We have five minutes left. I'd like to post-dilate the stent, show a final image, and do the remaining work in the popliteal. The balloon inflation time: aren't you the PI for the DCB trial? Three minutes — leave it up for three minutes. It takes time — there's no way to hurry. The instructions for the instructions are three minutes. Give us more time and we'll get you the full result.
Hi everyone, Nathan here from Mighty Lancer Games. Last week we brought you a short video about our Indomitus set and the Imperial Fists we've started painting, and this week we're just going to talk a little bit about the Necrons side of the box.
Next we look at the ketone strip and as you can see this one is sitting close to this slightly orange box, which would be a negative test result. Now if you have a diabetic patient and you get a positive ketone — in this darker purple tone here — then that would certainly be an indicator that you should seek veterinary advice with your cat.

* * *

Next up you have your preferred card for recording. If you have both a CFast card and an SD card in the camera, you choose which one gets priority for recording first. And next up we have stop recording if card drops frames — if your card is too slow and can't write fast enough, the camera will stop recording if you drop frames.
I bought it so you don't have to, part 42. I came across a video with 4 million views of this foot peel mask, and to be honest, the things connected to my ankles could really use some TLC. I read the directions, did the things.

==

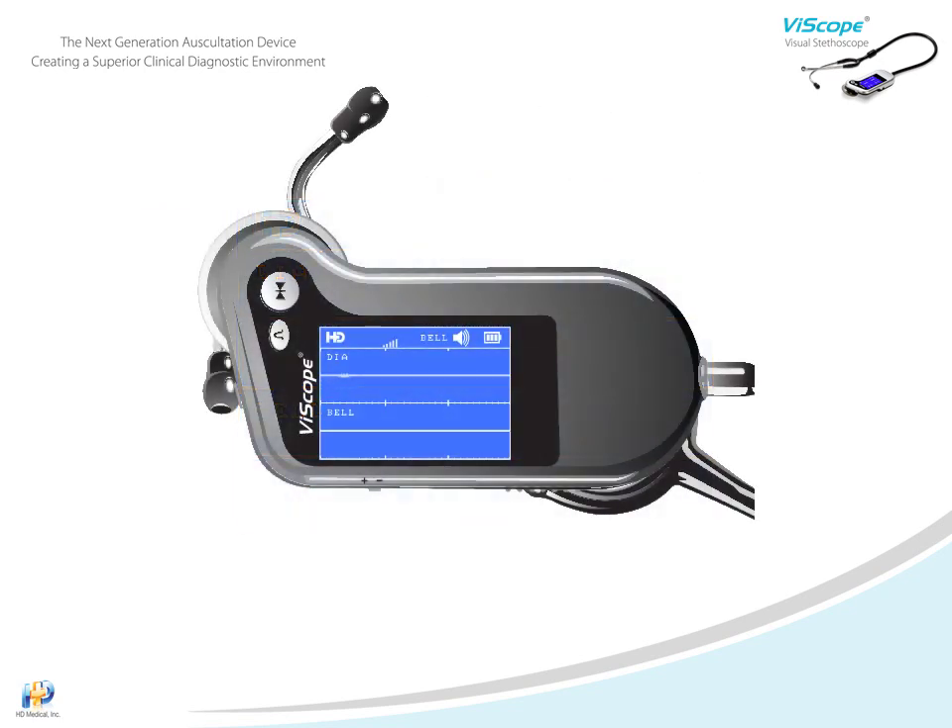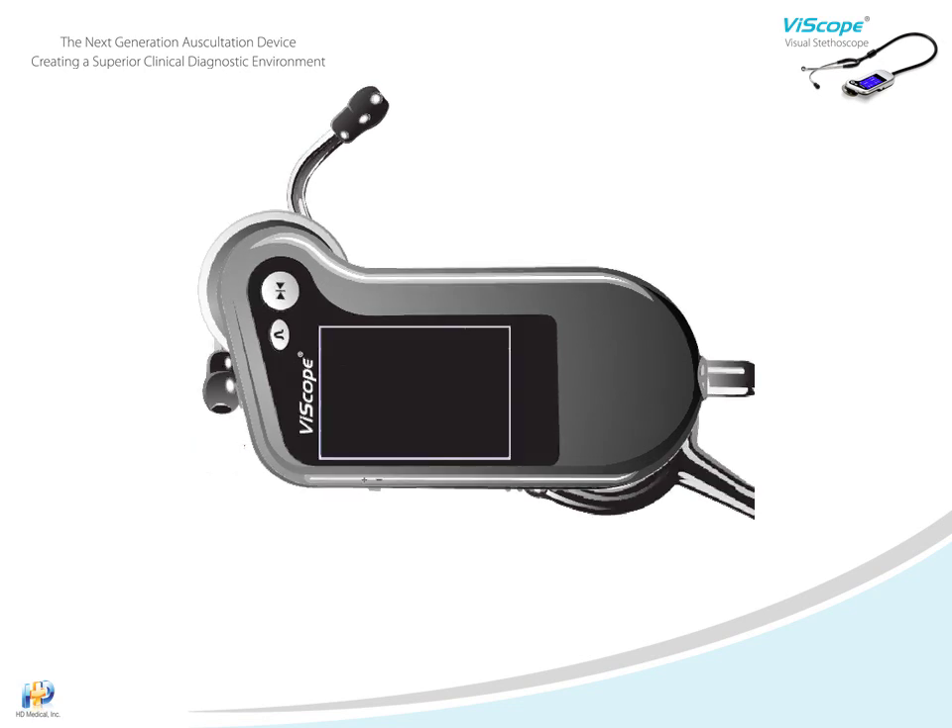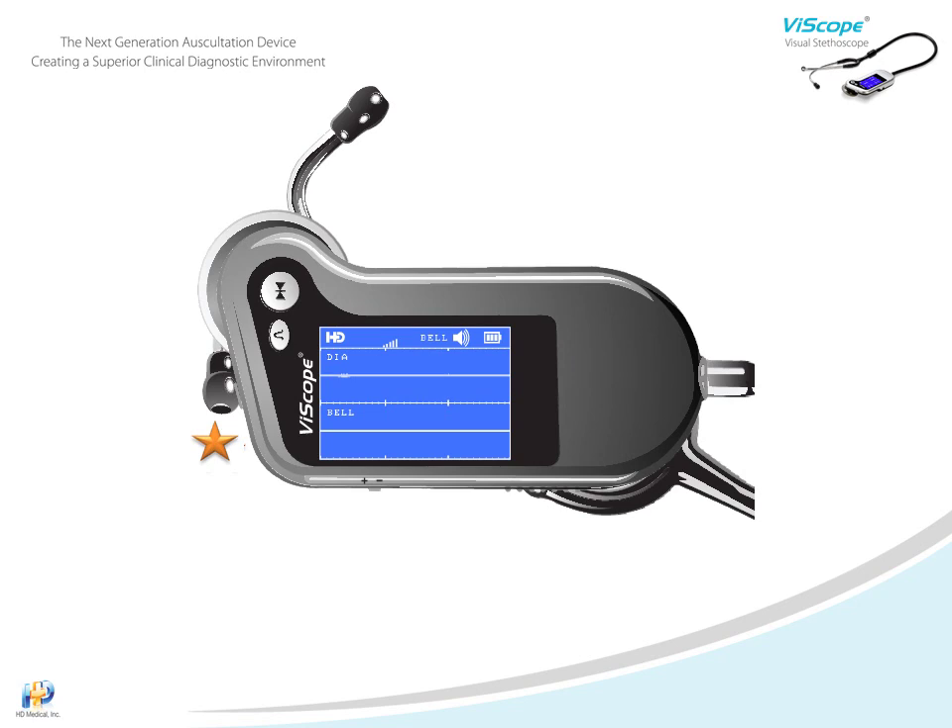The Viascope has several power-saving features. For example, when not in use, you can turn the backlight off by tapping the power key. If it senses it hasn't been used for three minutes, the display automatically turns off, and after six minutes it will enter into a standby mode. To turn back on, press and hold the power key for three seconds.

• [GOAL OF THE EXERCISE] Search the listing above for the lines with "Next up you" and "I bought it", then output those lines and all lines between them exactly.

• [REPLY TO THE EXERCISE]
Next up you have your preferred card for recording. If you have both a CFast card and an SD card in the camera, you choose which one gets priority for recording first. And next up we have stop recording if card drops frames — if your card is too slow and can't write fast enough, the camera will stop recording if you drop frames.
I bought it so you don't have to, part 42. I came across a video with 4 million views of this foot peel mask, and to be honest, the things connected to my ankles could really use some TLC. I read the directions, did the things.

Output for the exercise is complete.